A luta pela água na Herdade da Comporta e o brutal aumento do preço da construção
A Herdade da Comporta está a ser alvo de um atentado ambiental nunca imaginado. O projecto mais recente, que junta cerca de 80 proprietários, prevê o aumento de mais três mil camas à custa da abertura de furos de água para consumo humano à margem dos serviços municipalizados. O resultado pode ser o fim de um aquífero importante na margem esquerda do Tejo que nasce em Abrantes e acaba no concelho de Grândola.
Os terrenos da Herdade da Comporta estão a ser disputados de uma forma que pode ser considerada muito perigosa para quem lá vive e investiu a contar com um futuro risonho. Há um projecto em andamento que prevê o crescimento de mais três mil camas que roça o ridículo, pois pretende utilizar água para consumo humano sem estar ligada aos serviços municipais
A herdade da Comporta é muito mais que um pequeno território. Segundo dados que O MIRANTE consultou, há um novo projecto aprovado em reunião de câmara de Alcácer do Sal que pode secar para sempre o aquífero T3, que se estende do concelho de Abrantes ao de Grândola, e que actualmente mostra já sinais alarmantes de esgotamento.
A Associação de Proprietários Agroflorestais da Comporta (APAFLOC) iniciaram em setembro de 2020, juntamente com a câmara de Alcácer do Sal, o Plano de Intervenção em Espaço Rural nos Montes da Comporta (PIER-MC). Este plano, que abrange uma área de mais de 1.700 hectares na freguesia da Comporta, visa licenciar 3.100 camas em 76 propriedades.
O PIER-MC propõe a construção de fossas sépticas individuais e a obtenção de água através de furos artesianos, em vez de um sistema de saneamento básico e abastecimento público de água. Esta abordagem levanta sérias preocupações sobre a potencial contaminação do aquífero, assim como a sustentabilidade dos recursos hídricos. Para se ter uma ideia das preocupações ambientais e estruturados que já são fáceis de comprovar, a água armazenada já diminuiu de 60 hm³ em 2003 para 28 hm³ em 2022, devido à instalação de várias culturas intensivas e indústrias, como é o caso da empresa de fabrico de relva que é uma das maiores do mundo, assim como dois dos maiores campos de golfe construídos também nos últimos anos.

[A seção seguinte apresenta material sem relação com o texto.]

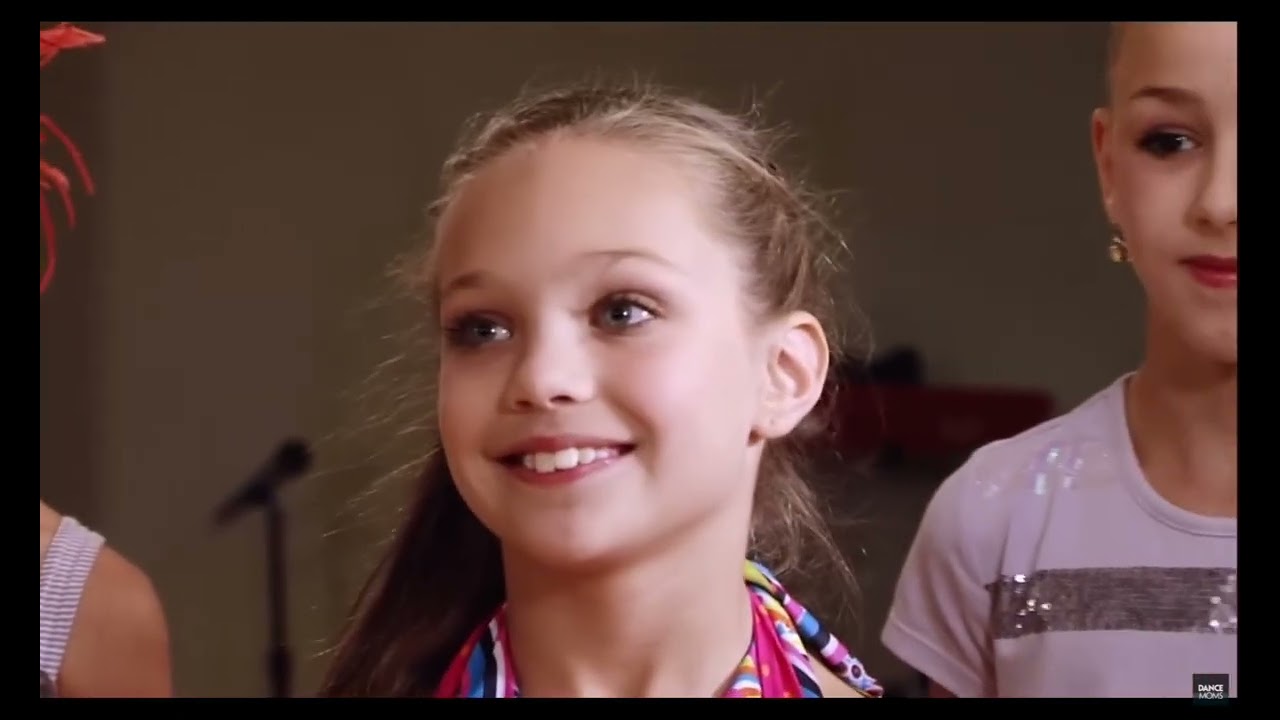 I edited dance moms cuz i probaly should be cleaning my room!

Dos impactos ambientais visíveis, com a política de concessão de todas as facilidade a quem quer construir e investir naquele território, a lagoa de Melides já perdeu quase metade do seu volume de água desde 2019, e o açude de Vale de Coelheiros, construído em 1950, está seco desde 2019
Nesta altura, para tentar salvar aquilo que os autarcas dos concelhos de Alcácer do Sal e de Grândola parecem ignorar, há vários proprietários a recorrerem a pareceres técnicos de forma a mostrarem que o território não aguenta a pressão a qualquer custo dos investidores, mesmo que estejam com as melhores das intenções.

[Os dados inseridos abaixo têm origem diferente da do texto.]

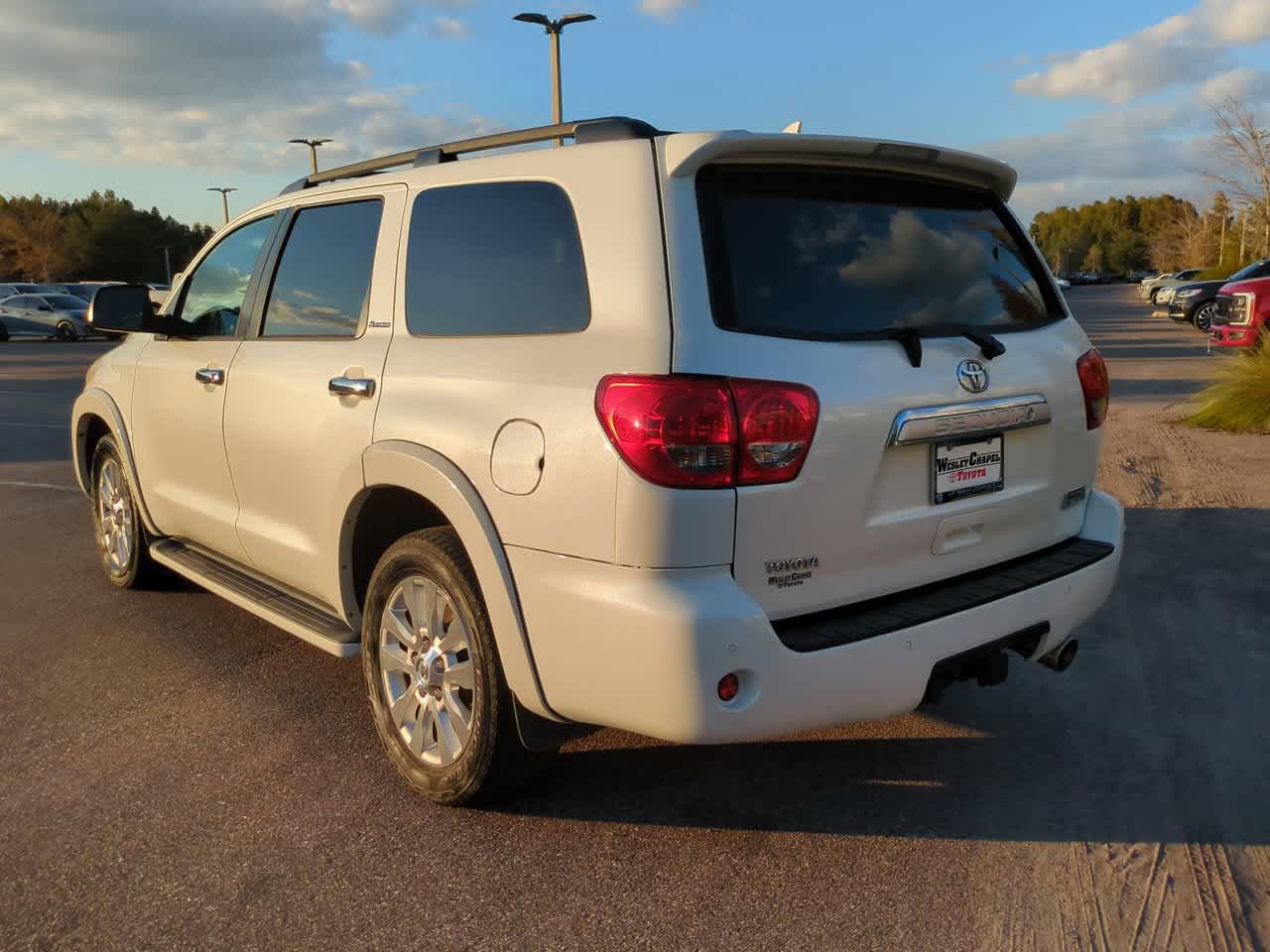 Thumbnail: 2010 Toyota Sequoia - 4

O MIRANTE conversou com um dos consultores envolvido na defesa de um dos proprietários que está a sofrer com esta corrida desenfreada ao pote, e veio à conversa o brutal aumento do preço da construção em toda a zona da Comporta, que já atinge preços na ordem dos quatro mil euros por metro quadrado. "As empresas de construção civil têm neste território um verdadeiro poço de petróleo, e mesmo assim não chegam para as encomendas", disse ainda a mesma fonte a O MIRANTE. Para dar uma ideia do que representa para o território da Comporta alguns investimentos, é público que as últimas empresas a instalarem-se, como foi o caso da empresa de relvados, abriram mais de duzentos furos, o que dá uma ideia do consumo de água num território que é de seca e vive dos aquíferos.
A LUTA PELA ÁGUA
A luta pela água nos concelhos de Alcácer do Sal e Grândola também preocupa alguns serviços municipais que já deram pareceres contrários aos dos executivos das autarquias, nomeadamente quando aceitam que os novos empreendimentos se liguem a furos, em vez de ao serviço de águas de abastecimento público dos municípios.
Os erros do passado, as três mil camas porque lutam os operadores turísticas à custa de empreendimentos que vão viver independentes dos serviços municipais de abastecimento de água, a falta de vontade política para actualizar a REN nos dois concelhos, são preocupações que estão a mobilizar vários técnicos e que podem saltar para os tribunais europeus se, entretanto, não houver retrocessos e os planos previstos forem homologados.